== Segment start ==

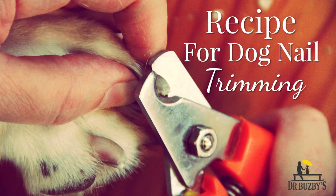Proper nail care is important for the health and mobility of all dogs, but I know it can be a source of anxiety for both dogs and their people. But in this episode of the Busby Dog Podcast, I want to share with you my secret family recipe for safely and painlessly trimming your dog's nails. And I don't want this to be a secret — I want your family to love nail trimming as much as I do.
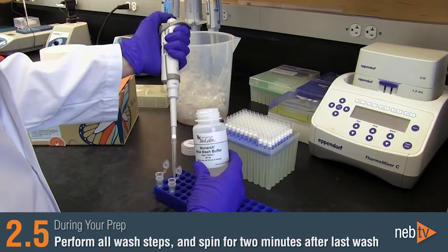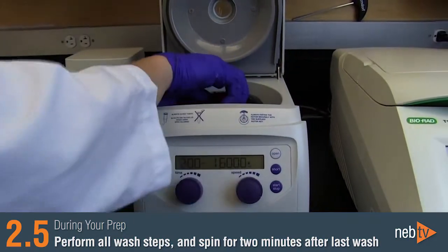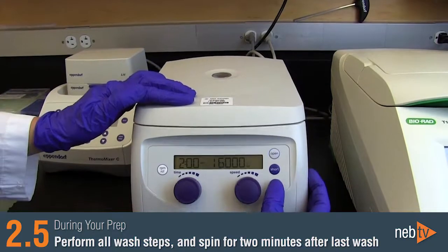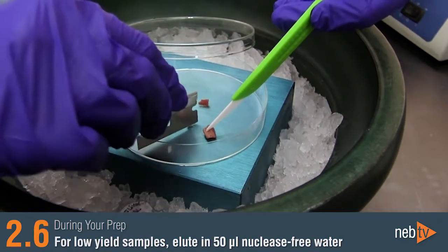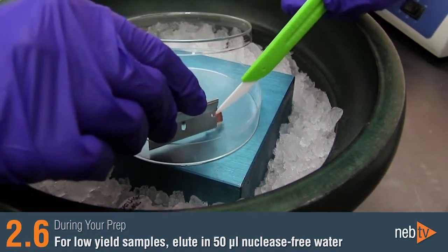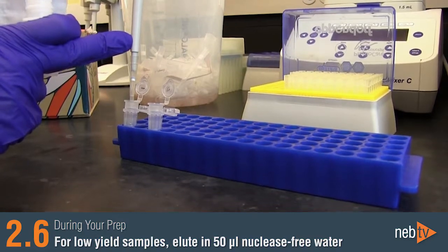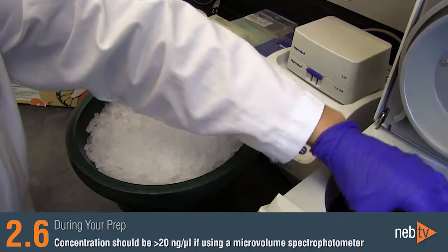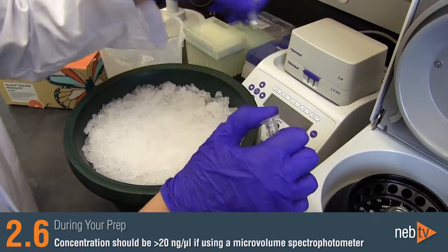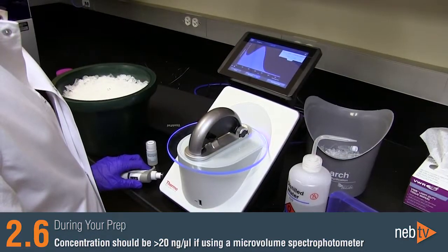It's very important to perform all wash steps in the protocol in order to produce highly pure RNA. Be sure to spin your column for two minutes after the last wash. For low-yield samples, including muscle or brain, or for low starting inputs, consider eluting the RNA with 50 microliters of nuclease-free water in order to get concentrated RNA. It's important to have a concentration above 20 nanograms per microliter if a microvolume spectrophotometer such as a NanoDrop will be used to measure concentration and purity.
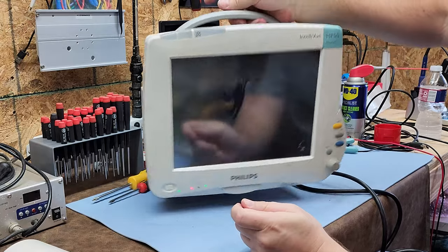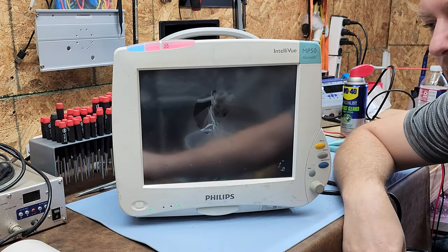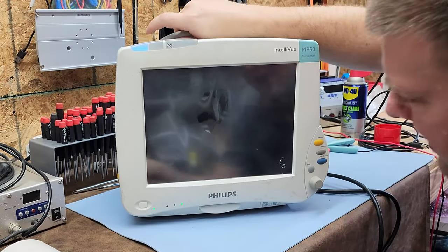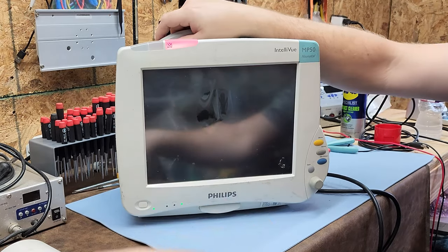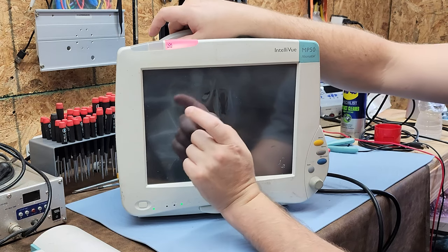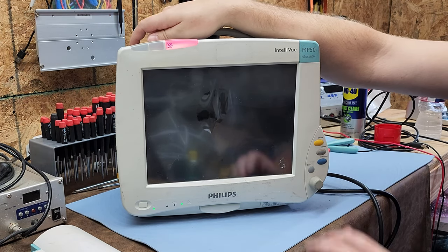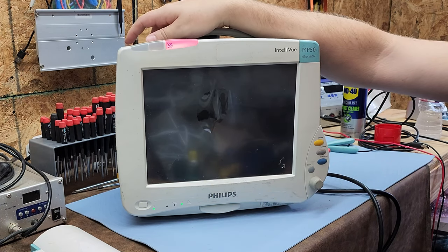This unit is basically a computer with minimum functionality without the module. Let's power it on and see if it even works. A special thanks to the guys over at Relink Medical — this is one of the devices they donated to the channel. I can tell right now it has a bad display, but that's fine — broken items have more value to me on this channel than working items.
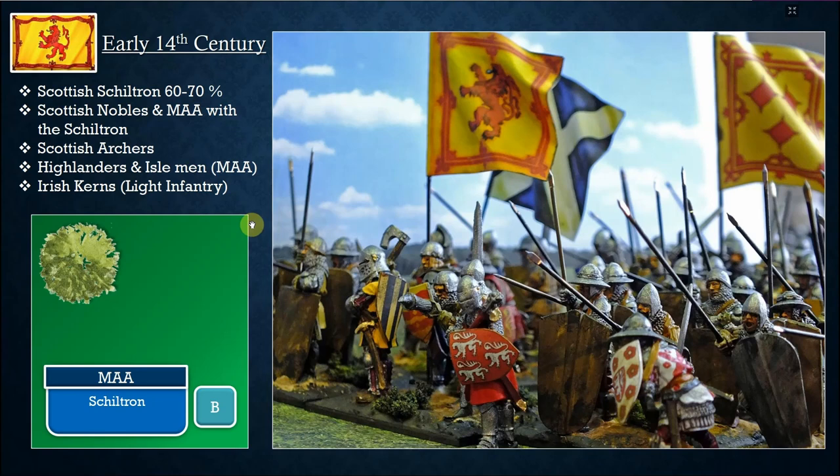You have Scottish archers on the flanks. Scottish bowmen were very good — actually quite equal to English bowmen individually — but the Scottish didn't have the same production numbers or the laws England had, where young men trained with bows every Sunday. You can also have a small portion of Highlanders and Irish; they usually came to support. Highlanders can serve as lesser men-at-arms, and you can bring Irish kerns as light infantry.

== Segment end ==

Action item> Using the data above, copy exactly the lines from the one containing "It's very important" to the one containing "This unit is", inclusive. Exclude the pictures.

Exercise response>
It's very important to perform all wash steps in the protocol in order to produce highly pure RNA. Be sure to spin your column for two minutes after the last wash. For low-yield samples, including muscle or brain, or for low starting inputs, consider eluting the RNA with 50 microliters of nuclease-free water in order to get concentrated RNA. It's important to have a concentration above 20 nanograms per microliter if a microvolume spectrophotometer such as a NanoDrop will be used to measure concentration and purity.
This unit is basically a computer with minimum functionality without the module. Let's power it on and see if it even works. A special thanks to the guys over at Relink Medical — this is one of the devices they donated to the channel. I can tell right now it has a bad display, but that's fine — broken items have more value to me on this channel than working items.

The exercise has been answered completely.